Элен: Я завидую тебе. Я действительно тебе завидую. Потому что люди любят сидеть на тебе, а когда они сидят на мне, они чувствуют свои кости. Мне хотелось бы, чтобы они хотя бы подкладывали под меня подушечки.
– Я (улыбается) не порицаю тебя за то, что ты мне завидуешь. Я очень хорош и мягок. Иногда люди плачут на мне, но вы не можете увидеть их слез, потому что я их впитываю целиком. Даже пятна на мне не очень видны, и у меня нет ничего лишнего, чтобы почувствовать жалость к тебе. Потому что я очень занят тем, что наслаждаюсь собой, и мне вообще-то не нравится смотреть на тебя: ты такой обветшалый. Я так счастлив быть собой! (Смеется) Да, мне как-то нехорошо по поводу тебя.
Фриц: Хорошо, давай сделаем то же самое с противопоставлением комнаты Маслоу и моей. Пусть они встретятся друг с другом.
Элен: Я вся отделана деревом прекрасной фактуры, мой ковер толстый и мягкий. У меня большие окна с красивыми деревянными наличниками, которые мешают заглядывать в комнату снаружи, и вместе с тем красиво обрамляют вид изнутри. Моя главная проблема состоит в том, что я плохо освещена. Половину времени у меня неправильное освещение и плохое отопление.

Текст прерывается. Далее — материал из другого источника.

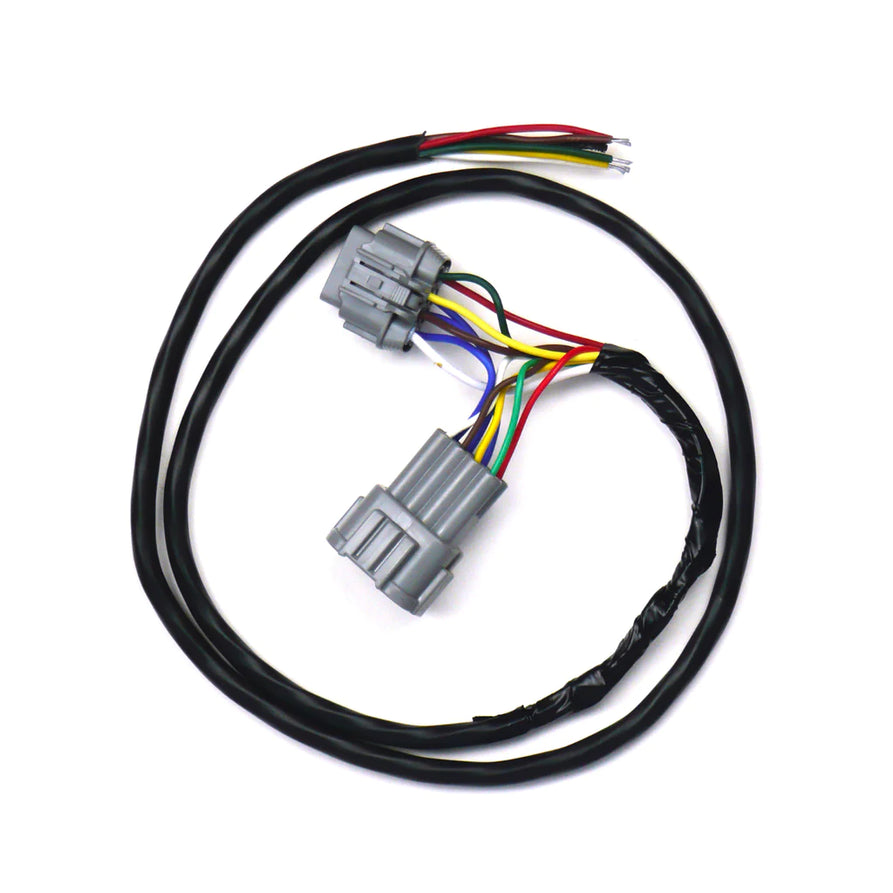 TAG Direct Fit Wiring Harness Suitable For Nissan Navara (12/2005 - 2016)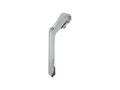 Electra Cruiser Alloy Stems - Strieborná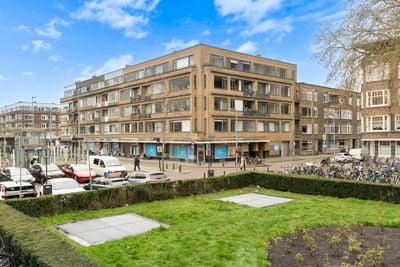 Foto van Van der Meydestraat 36A03, Rotterdam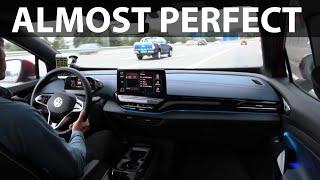 VW ID5 GTX driving impressions and summary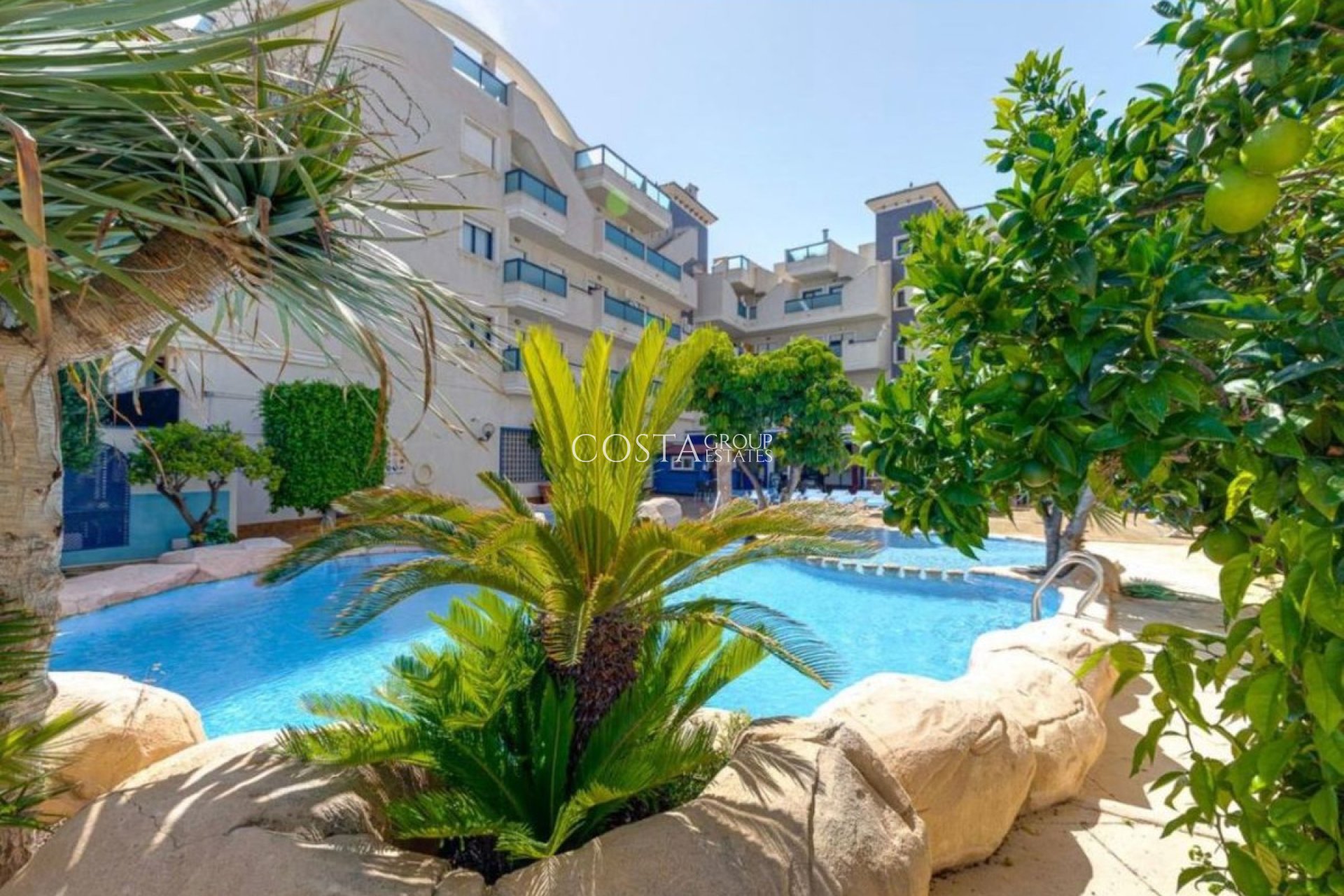 Revente - Apartments -
Orihuela - Cabo Roig
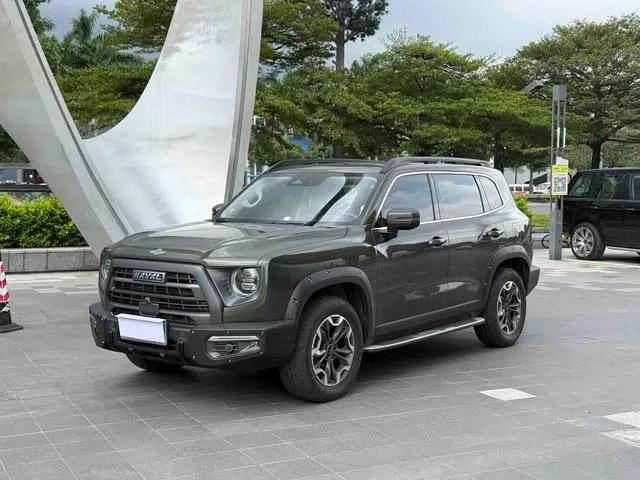 Haval Big Dog 2022 2.0T AWD Howling Dog Hunting Edition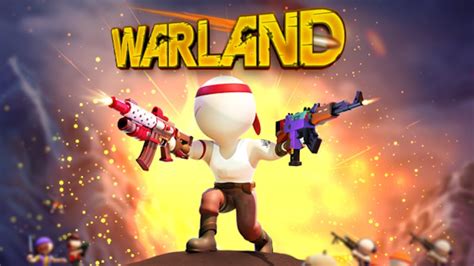 Warland! Game All Mobile Video Gameplay - YouTube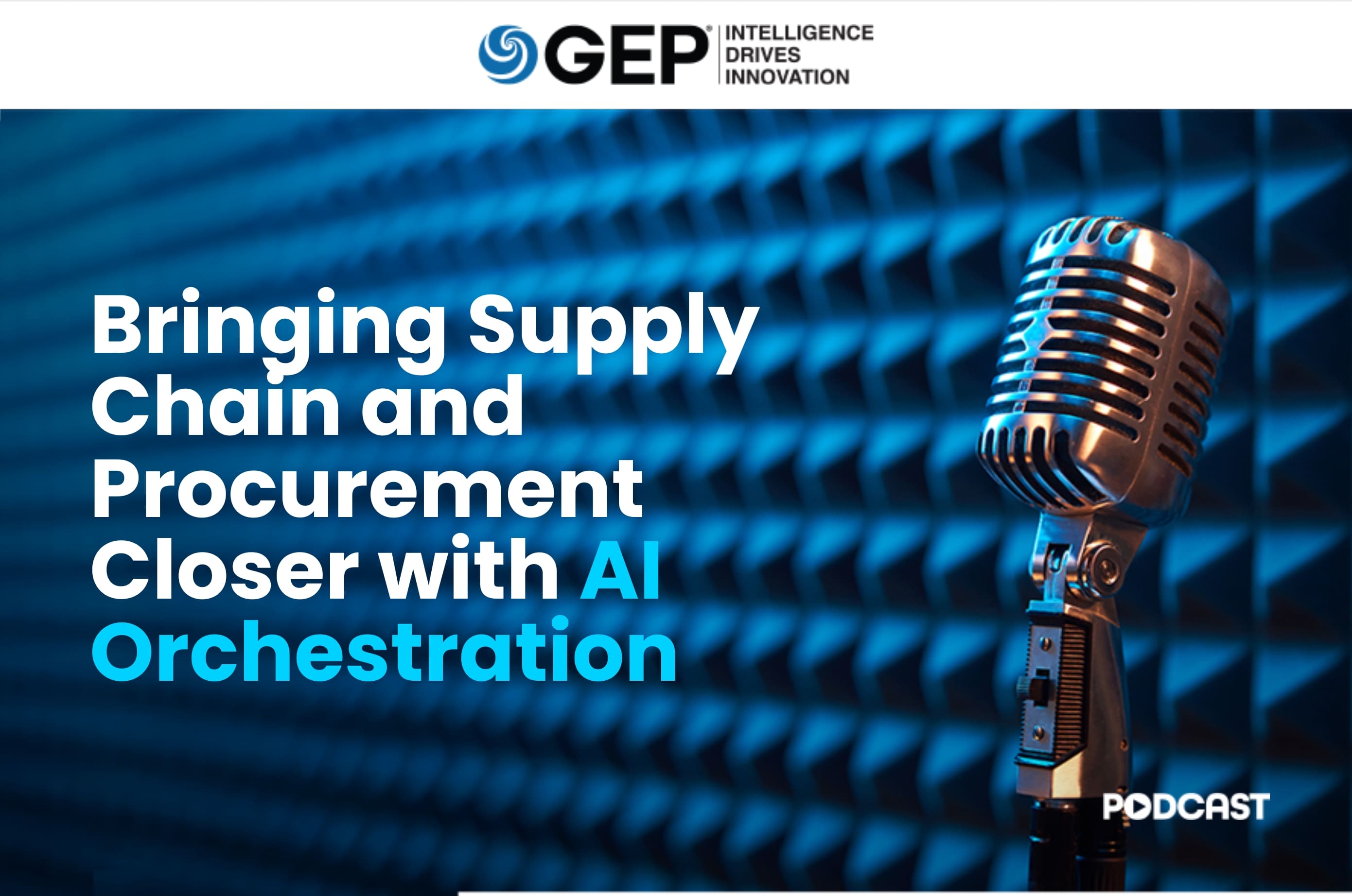 Bridging the Procurement and Supply Chain Gap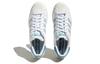 Superstar Adidas Originals 'Белый Голубой' GX9876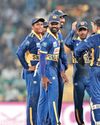 Sri Lanka defeat England by 19 runs Sri Lanka defeat England by 19 runs33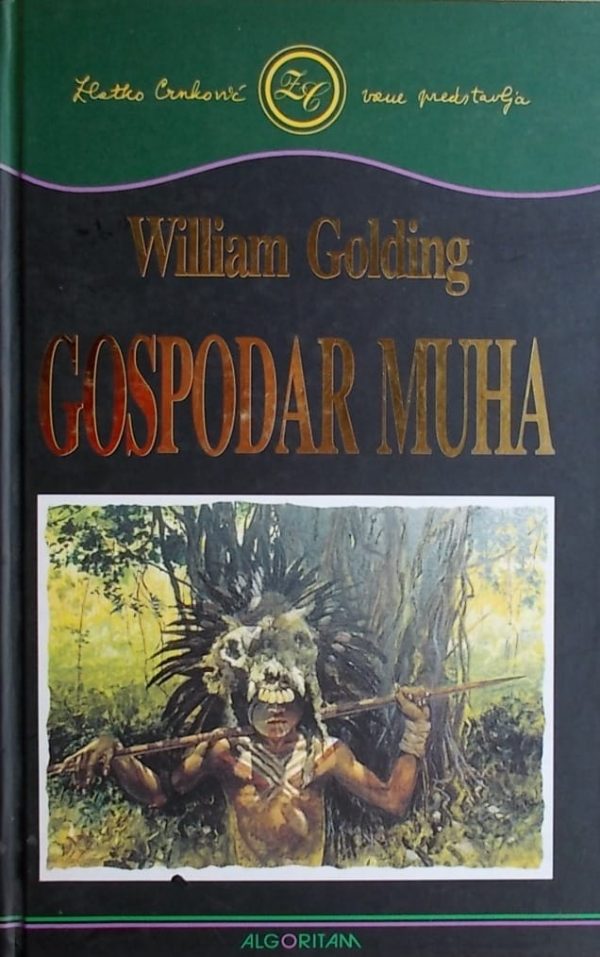 Golding-Gospodar muha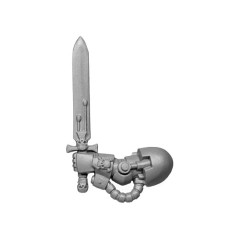 Power Sword Warhammer 40k Terminator bitz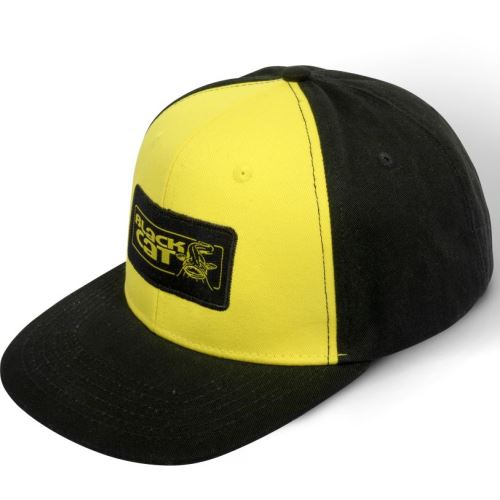 Black Cat Šiltovka Catfish Hunter Snapback II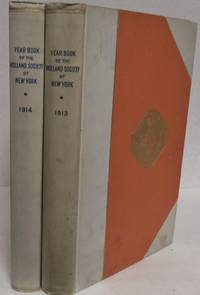 Bergen Book in two volumes:1913 The Bergen Church Records (Baptism records 1666-1788 with index)...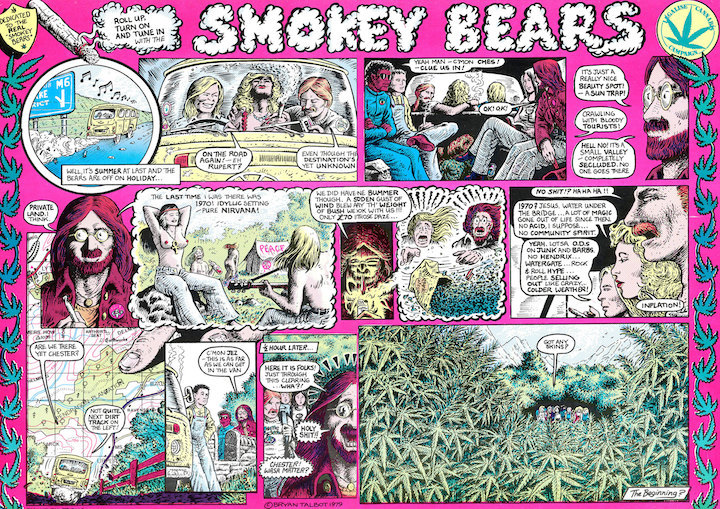 smokey-bears-brian-talbotのコピー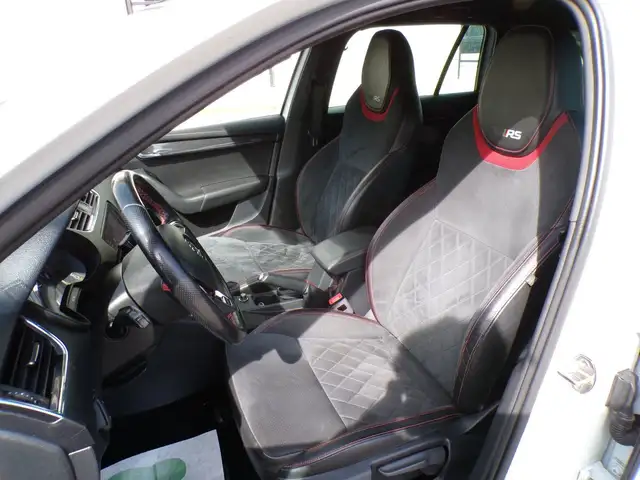 Skoda Octavia view 10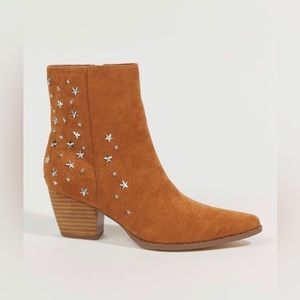 Matisse Star Booties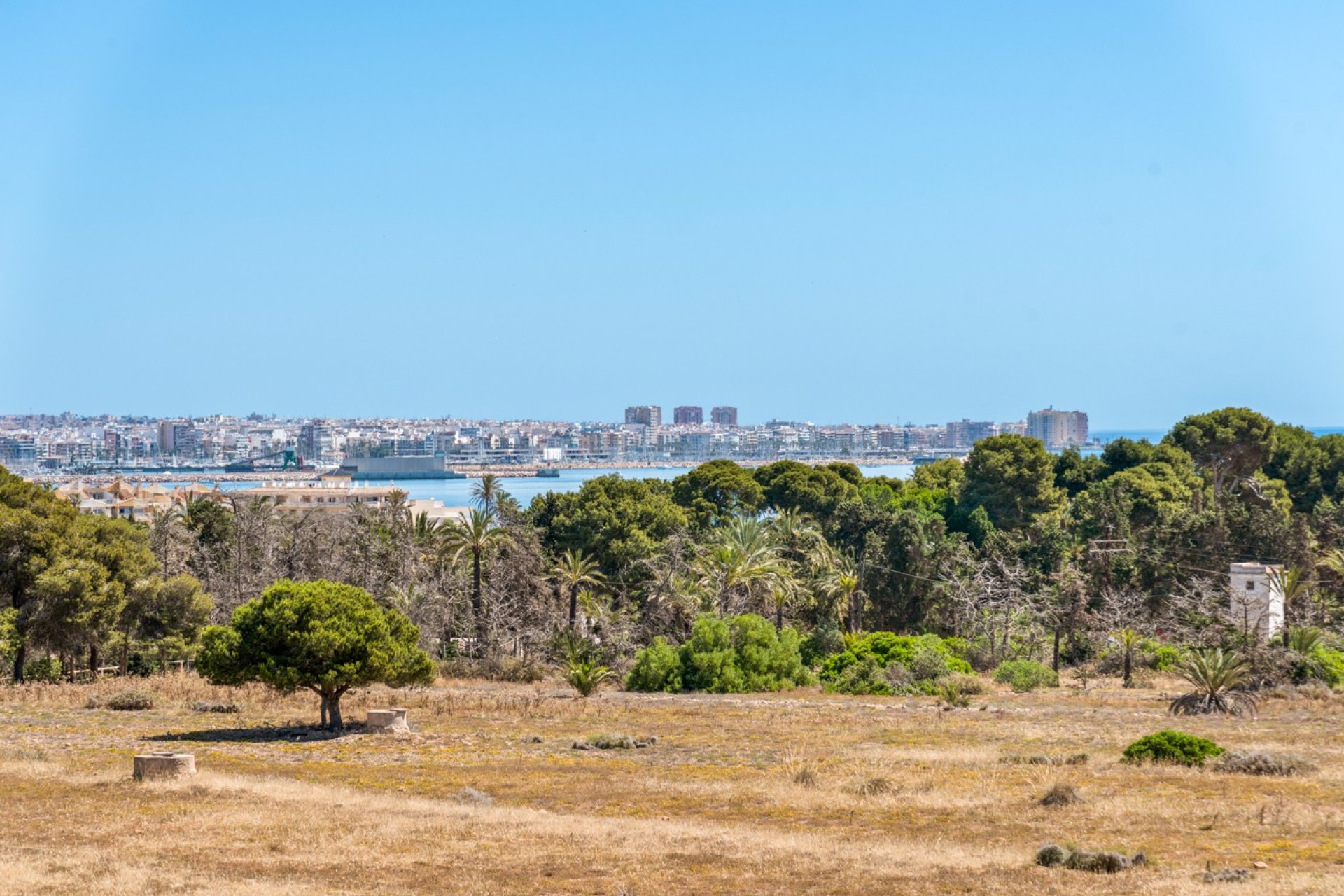 Segunda mano - Apartamento -
Torrevieja - Costa Blanca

– Я – простая, содержащаяся в беспорядке, каменная комната с тонким ковром; моим камином не пользуются; из моего окна ничего не видно. Я так переполнена, я в таком беспорядке; я не даю поддержки. Но у меня есть нечто, чего нет у тебя. У меня есть звучание океана, очень близко, оно наполняет комнату почти все время. Моя система отопления хороша. У меня много отдушин с затычками.
– Похоже, что ты защищаешься и полна разочарования.
– Да, это так. Я чувствую себя немного печально. Потому что я – жилая комната Фрица Перлза, и во мне нет жизни, кроме звучания моря. Я сознаю свою пыль, беспорядок и суровость.